Seyfert v. Bean

Mr. Justice Mercur

delivered the opinion of the court, May 7th 1877.

This was an action of trespass. The defendant in error leased a house from Boileau & Sankey. By the terms of the lease it was to be occupied as a young ladies’ private school only. She so occupied it. In this suit she claims to recover damages for an eviction from the house, and for the removal and conversion of her goods by the plaintiff in error.

All the assignments of error are to the admission of evidence. No objection is made to the charge of the court, nor to the sufficiency of the evidence to justify the verdict.

The first three assignments relate to the pertinency of the evidence to show damage.

The defendant in error had expended large sums of money in the purchase of furniture, books, charts, school apparatus and scientific instruments, and in advertising her business. Her school was prosperous, and constantly increasing. The bills, showing the cost of the goods she purchased, were some evidence of their value; but there was other evidence given of their aggregate value. The number of teachers employed, and the number of pupils in attendance, were important facts in showing the facilities afforded for instruction and the extent of its patronage. We cannot say that any of these expenditures were unnecessary in establishing and maintaining a first-class school.

Many of the articles had a value, when used in connection with her school, much greater than after they were removed therefrom. The deprivation of the possession of the house and of the goods broke up her school and destroyed her business. She was thereby not only deprived of all profit on the investment she had made, and the good-will she had acquired, but also of the entire capital itself.

The remaining assignments may be considered together. The evidence did not contradict any finding of the alderman. The transcript of his docket, given in evidence, does not show that he made any decision. He found no facts. He entered no judgment. The transcript merely shows that the counsel for the defendant desired to have placed on the record a relinquishment of the premises to the plaintiff. This being done, it shows no further proceedings by the alderman. The case was then suspended. No further action was taken. The time, however, when these proceedings were had before the alderman makes them of no importance. It was on the first day of March. She had been out of possession more than two months. He, as owner of the premises, and in denial of her right of possession, had withheld it from her during all that time. Her relinquishment of the premises or of her right thereto, after she had been excluded from the enjoyment thereof for so long a time, was no bar to a recovery of the damages she had previously sustained.

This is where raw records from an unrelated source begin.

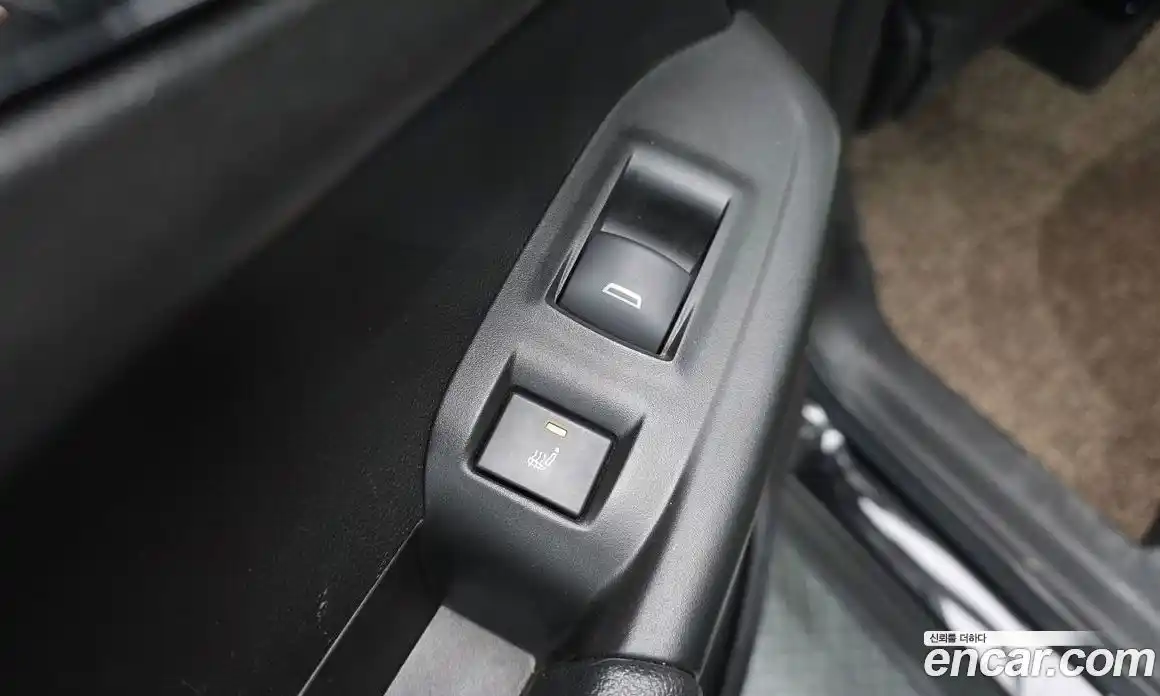 Chevrolet TrailBlazer 2023 1.3 Автомат в Москве № 296822, фото 3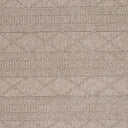 Marie MR01 Beige Makrome Dokumalı Makine Halısı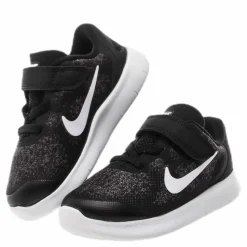 Free Run 2 (TDV) White/Black*Nike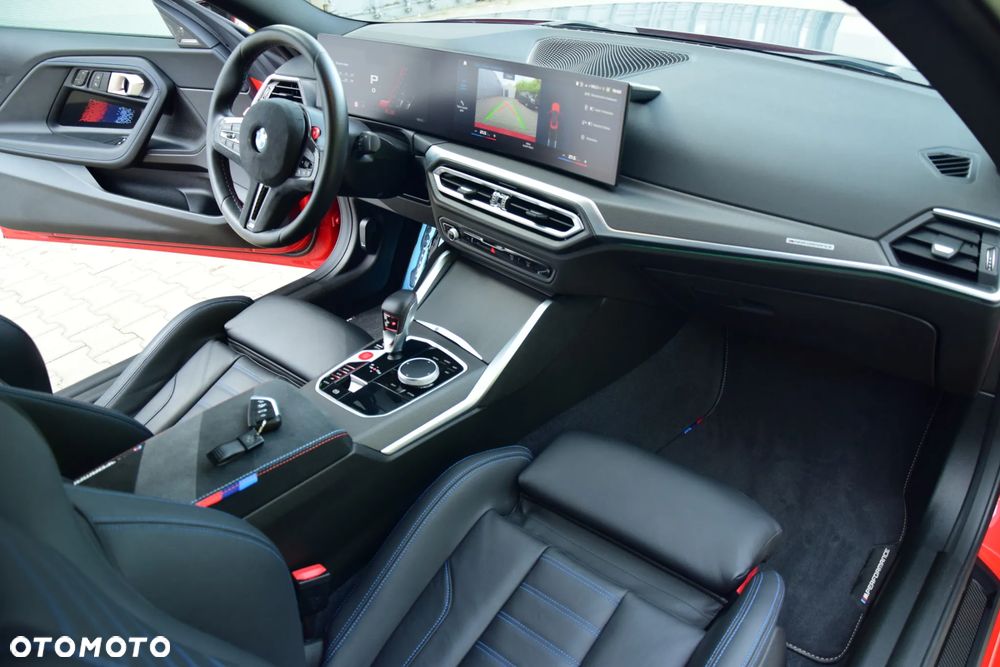 BMW M2 - 28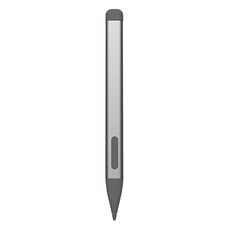 Per Microsoft Surface Pro 8 / 9 / Go Laptop Stylus 4096 Penna stilo sensibile alla pressione (grigio)
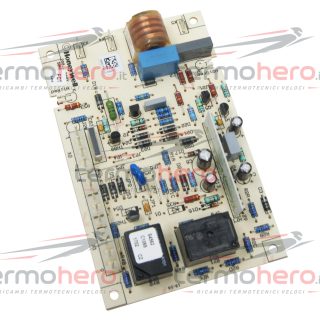 Ferroli 39820320 - Scheda Honeywell S4562C1069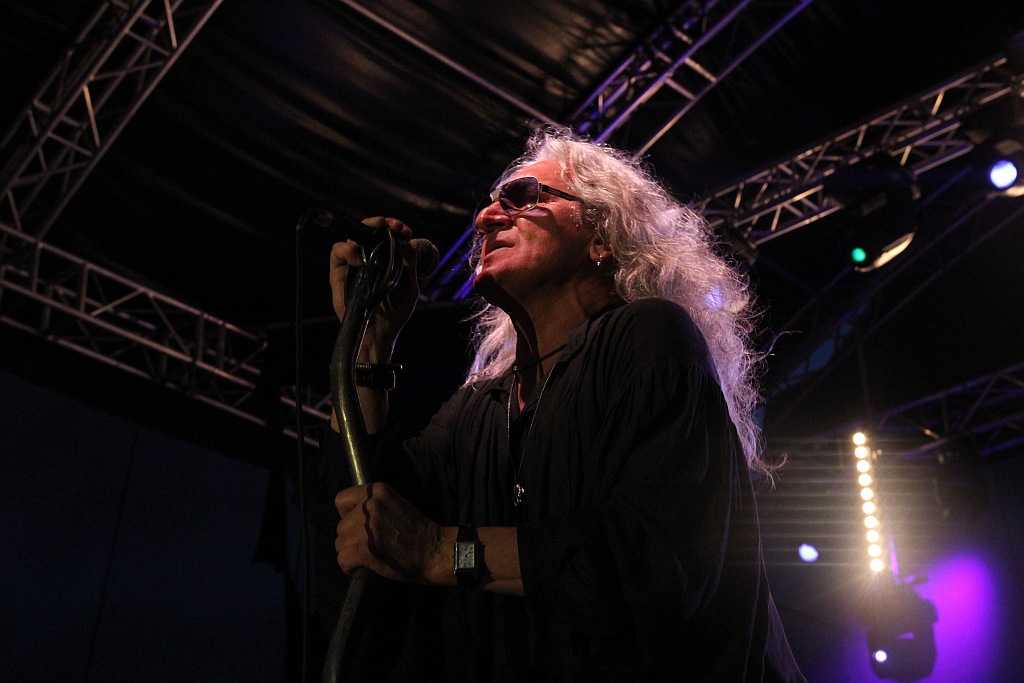 Wielki finał. Perfect na scenie!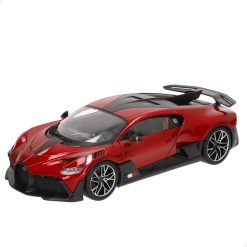 BBurago - BUGATTI DIVO 1:18 Red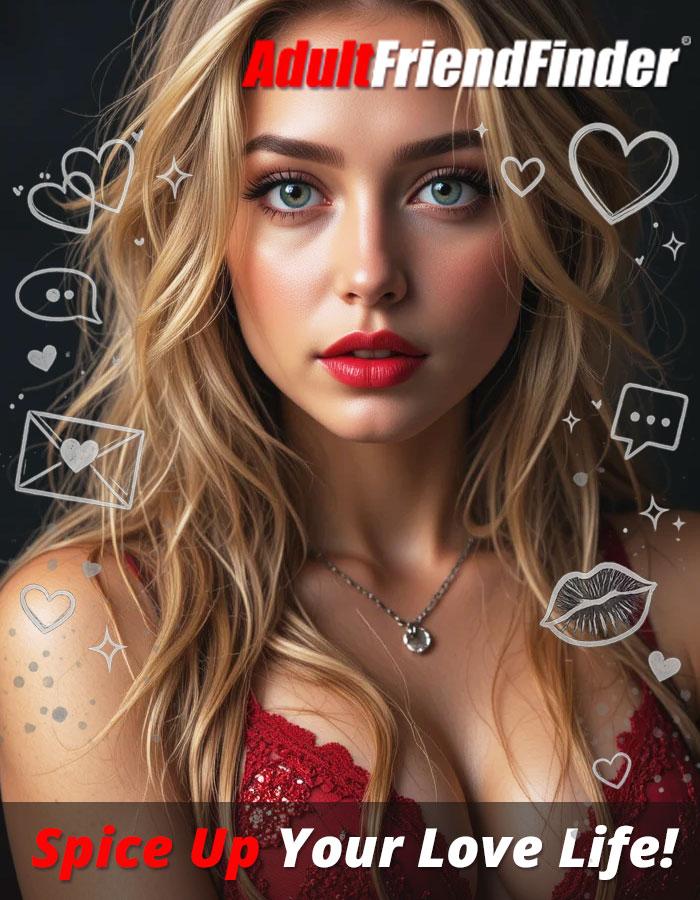 Adult dating Friend Finder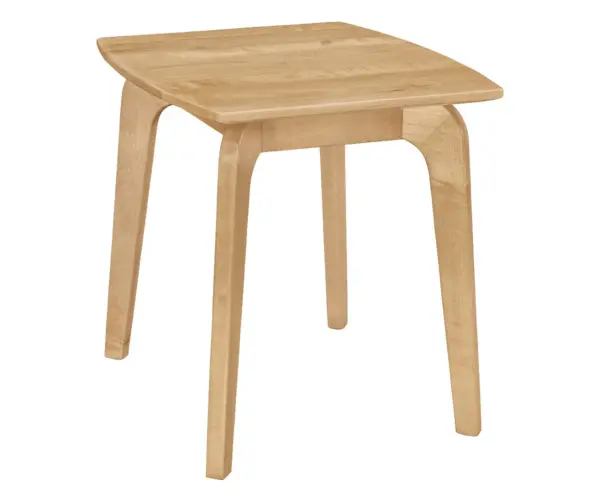 Venhaus End Table
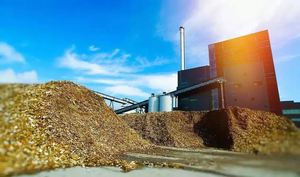 محفز SCR واسع النطاق الحراري (معالجة غازات العادم في القطاعات غير الكهربائية) - Product Image 5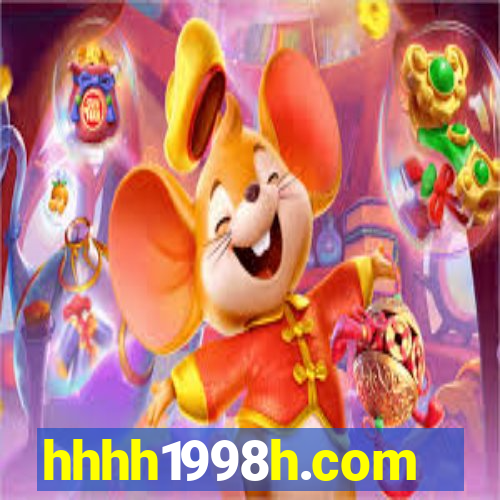 hhhh1998h.com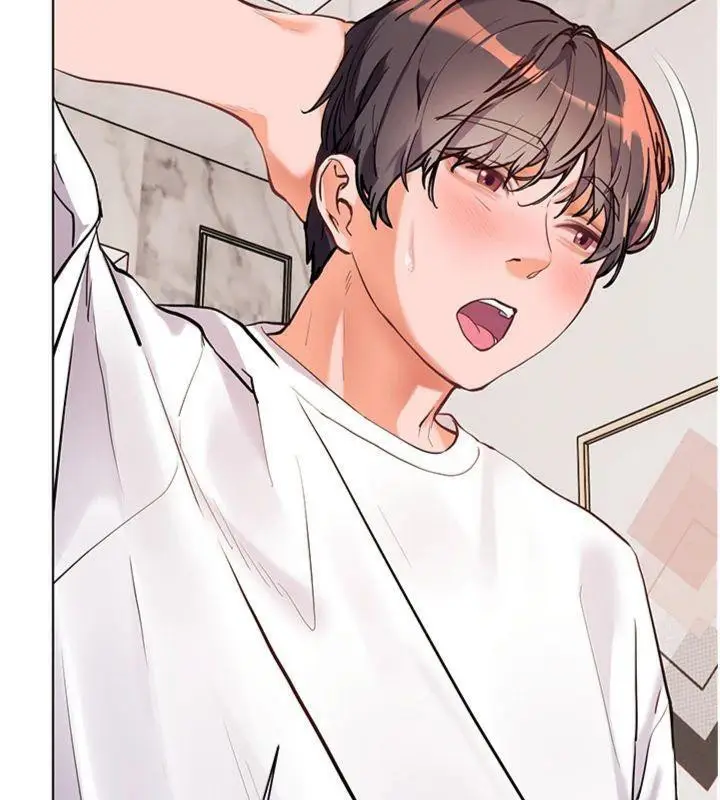 漫画《老师的亲密指导》第55话第201张图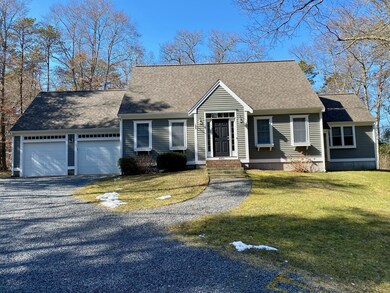 4810 Falmouth Rd, Cotuit, MA 02635 - photo 3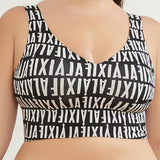 Women's Food Grade-Silicone Deep Cup Seamless Full Coverage Comfort Bras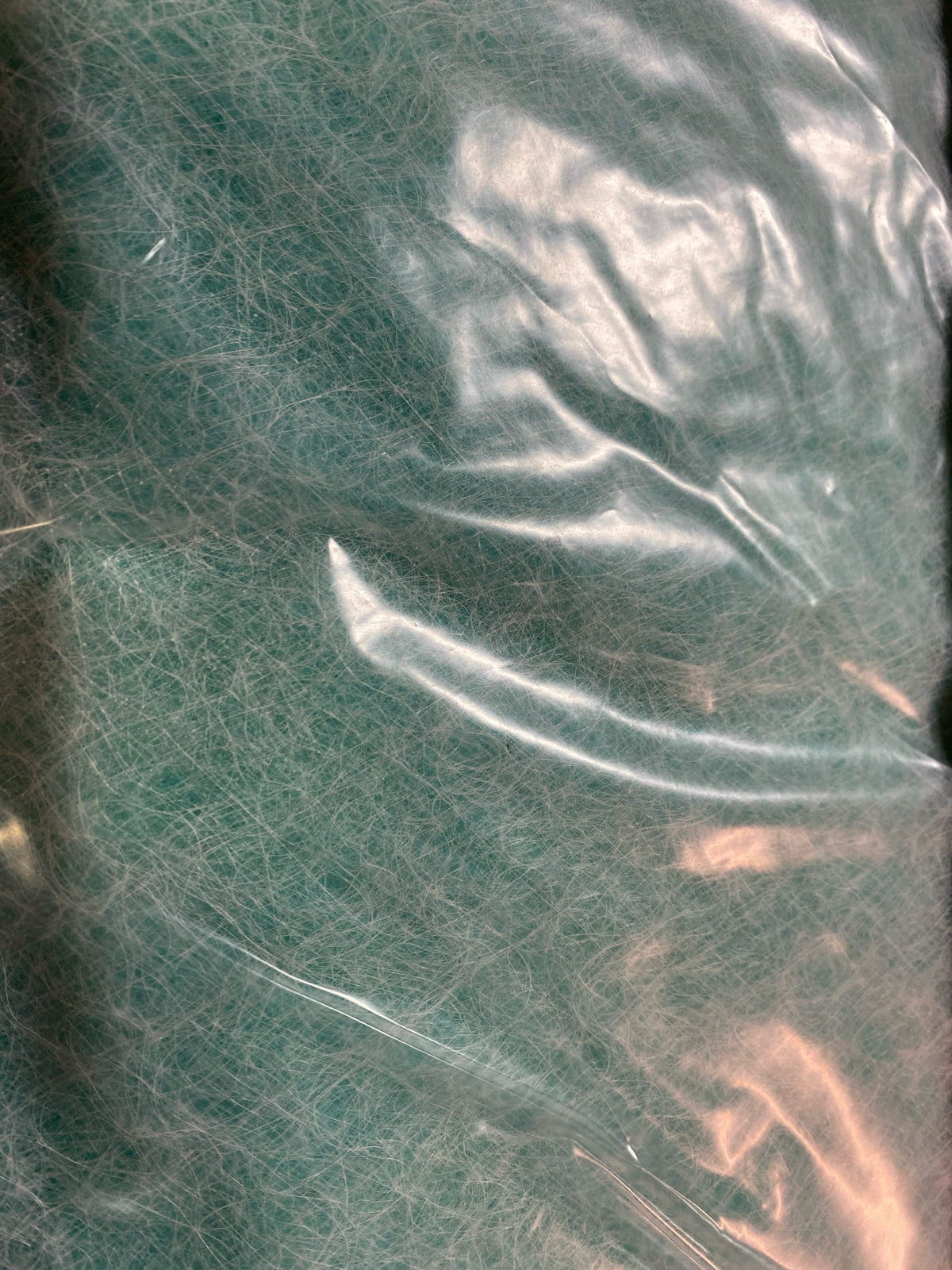 1 Case (50 Ea) - Viskon-Aire - 20" x 25" x 2" Spray Booth Filter SG-15 028-203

*453The right of a landlord to distrain for rent, which, by the agreement of the parties, is payable in advance, must be conceded, and also the right to impound the goods on the premises for a reasonable time. But neither of those rights rules this case. The defendant made no contract with the plaintiff. She leased the house of Boileau & Sankey. They let the premises to her. By the terms of the lease the relation of landlord and tenant was exclusively between them. In the body of the lease Boileau & Sankey are described as the sole lessors. It is true, at the foot they sign it as agents.”

Agents for whom ? The lease is silent. As is clearly shown in Holt v. Martin, 1 P. F. Smith 499, in regard to a lease executed in a similar manner, the defendant did not thereby become the tenant of an unknown landlord.

The declaration of Brown having been given in evidence to show that he relinquished her possession of the premises at the time and in the manner stated, we see no error'in permitting her to 'show that he had no such authority. It was clearly admissible for her to show that she had no knowledge of what he had professed to do until a year thereafter. Judgment affirmed.